# Inference Optimization for Convolutional Netwroks
### Part 1: Model fusion, quantization

reference: https://towardsdatascience.com/inference-optimization-for-convolutional-neural-networks-e63b51b0b519


In [None]:
# Import packages
from torch import nn
from torchsummary import summary
import torch
import os

### Notebook overview
- Create CNN model and the quantized version of the same model
- Compare difference in size and latency of two models
- Fuse several blocks into one
- Compare fused and quantized version with only fused version

### Create simple CNN

In [None]:
class Net(nn.Module):
    def __init__(self):
        super(Net, self).__init__()

        # Convolutional Block 1
        self.conv1 = nn.Conv2d(in_channels=3, out_channels=20,kernel_size=(5, 5))
        self.relu1 = nn.ReLU()
        self.maxpool1 = nn.MaxPool2d(kernel_size=(2, 2), stride=(2, 2))

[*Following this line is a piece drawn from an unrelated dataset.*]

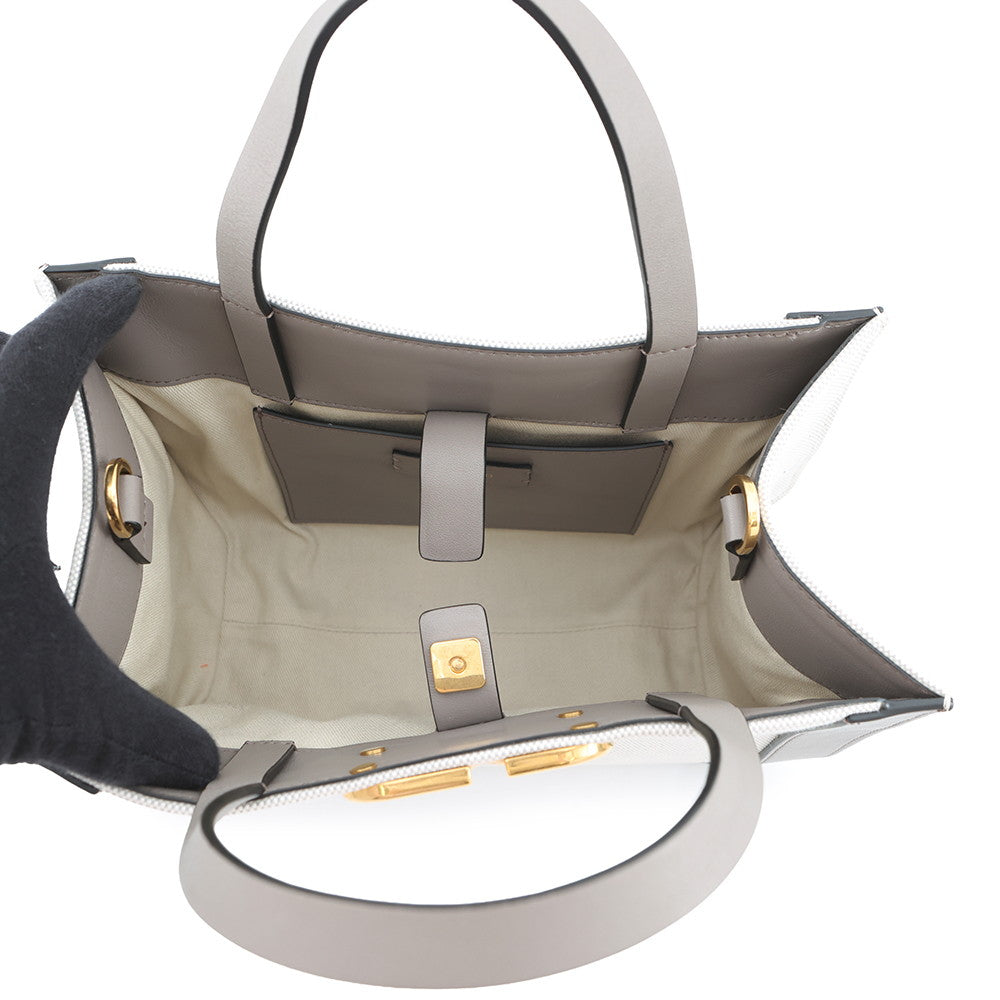 Valentino Garavani V Logo Handbag White/Gray2W0B0K96YJH Canvas Leather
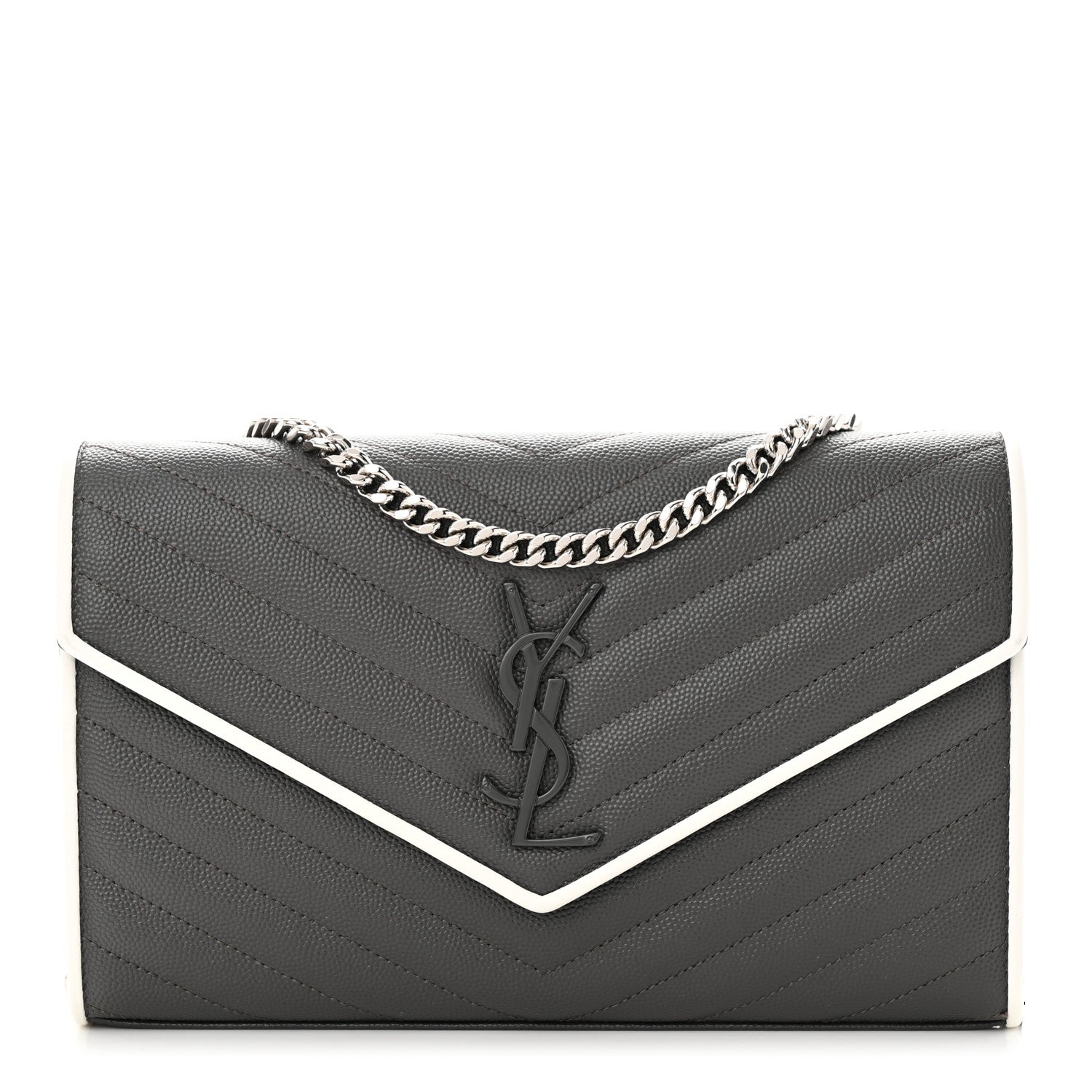 Saint Laurent Grain De Poudre Matelasse Chevron Monogram Chain Wallet Grey White 1 of 11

        # Convolutional  Block 2
        self.conv2 = nn.Conv2d(in_channels=20, out_channels=50, kernel_size=(5, 5))
        self.relu2 = nn.ReLU()
        self.maxpool2 = nn.MaxPool2d(kernel_size=(2, 2), stride=(2, 2))

        # Fully connected 1
        self.fc1 = nn.Linear(in_features=50*53*53, out_features=500)
        self.relu3 = nn.ReLU()

        # Fully connected 2
        self.fc2 = nn.Linear(in_features=500, out_features=10)
        self.Softmax = nn.Softmax(1)

    def forward(self, x):
        # pass the input through block 1
        x = self.conv1(x)
        x = self.relu1(x)
        x = self.maxpool1(x)

        # pass the input through block 2
        x = self.conv2(x)
        x = self.relu2(x)
        x = self.maxpool2(x)

        # flatten the output from the previous layer and pass it through fully connected 1
        x = torch.flatten(x, 1)
        x = self.fc1(x)
        x = self.relu3(x)

        # pass the input through fully connected 2 and Softmax
        x = self.fc2(x)
        output = self.Softmax(x)
        return output

## Create quantized version of CNN

In [None]:
# changes in network

class NetQuant(nn.Module):
    def __init__(self):
        super(NetQuant, self).__init__()
        # Prepare for quanitzation
        self.quant = torch.quantization.QuantStub()

        # Convolutional Block 1
        self.conv1 = nn.Conv2d(in_channels=3, out_channels=20,kernel_size=(5, 5))
        self.relu1 = nn.ReLU()
        self.maxpool1 = nn.MaxPool2d(kernel_size=(2, 2), stride=(2, 2))

        # Convolutional Block 2
        self.conv2 = nn.Conv2d(in_channels=20, out_channels=50, kernel_size=(5, 5))
        self.relu2 = nn.ReLU()
        self.maxpool2 = nn.MaxPool2d(kernel_size=(2, 2), stride=(2, 2))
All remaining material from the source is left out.